I noted that in physics, to study electromagnetic wave phenomena when there is a sinusoidal behaviour, often is used the approximation of harmonic oscillation. I tried to understand the basics of why and I found, for example:

$$e^{ikx} \approx 1 + ikx +i^2\frac{k^2r^2}{2}+ \cdots $$

If we considered only the real part of the wave, we would have found the importance of the second term $kx$ which is the model of a recall force, used for the harmonic oscillator equation.

It can be used if we cut off the terms at the first order, using thus an approximation valid only for little oscillations. But this approximations are valid in a very extended physics area, so does this mean that almost every electromagnetic wave produce little oscillations in our daily life? Is this approximation still valid with very intense or high frequency fields, when the oscillations caused are not so small?


The approximation you're asking about isn't the harmonic-oscillator approximation - its technical name is the dipole approximation, because it means that only the dipole components of electric systems interact with the wave.

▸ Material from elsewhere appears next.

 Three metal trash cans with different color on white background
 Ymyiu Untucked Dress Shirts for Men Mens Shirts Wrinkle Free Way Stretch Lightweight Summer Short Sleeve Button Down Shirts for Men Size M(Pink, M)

Generally speaking, for EM radiation interacting with atomic-scale systems, this is an excellent approximation, because the leading-order correction to the dipole approximation is of the order of the ratio of the characteristic length scale $a$ of the system (typically on the order of a few bohr, i.e. about 0.1 nm) to the wavelength $\lambda$ of the light (which is around 500 nm in the visible range), so that $$ \frac a\lambda \approx 0.001 $$ or less.

Nevertheless, there are multiple situations where this approximation ceases to be valid. This includes:

  • So-called "forbidden" electronic transitions in atoms and molecules, which have vanishing transition rates in the dipole approximation, but which do respond to higher-order variations in the driving light. These are typically weaker than dipole transitions by one or more factors of $a/\lambda$, but if you have a stable laser and a dark background they can be detected. (And, moreover, the fact that they're 'forbidden' often means that their decay lifetime is much longer, which means that the natural linewidth is much smaller, and that makes them ideal for precision spectroscopy.)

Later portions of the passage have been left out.